ASSIGNMENT: This task asks for the lines from the one with "ガス給湯器取替工事　大阪府大阪市　GQ-1637WS-FFA　BL" to the final line below, repeated exactly, with pictures omitted.

DATA BLOCK:
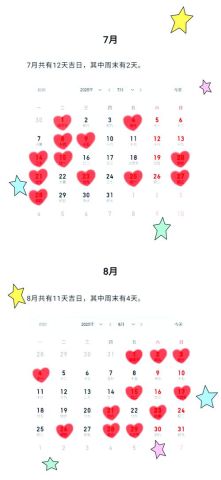 2025年移床吉日吉时怎么查询？2025年安床吉日是哪天？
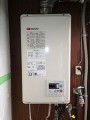 ガス給湯器取替工事　大阪府大阪市　GQ-1637WS-FFA　BL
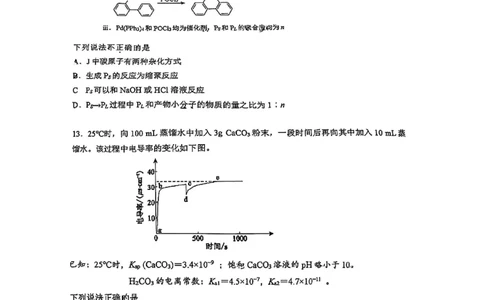 2025北京人大附中高三三模化学试题及答案_2025年6月_250604北京人民师范大学附属中学2025届高三三模（全科）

EXERCISE RESULT:
 ガス給湯器取替工事　大阪府大阪市　GQ-1637WS-FFA　BL
 2025北京人大附中高三三模化学试题及答案_2025年6月_250604北京人民师范大学附属中学2025届高三三模（全科）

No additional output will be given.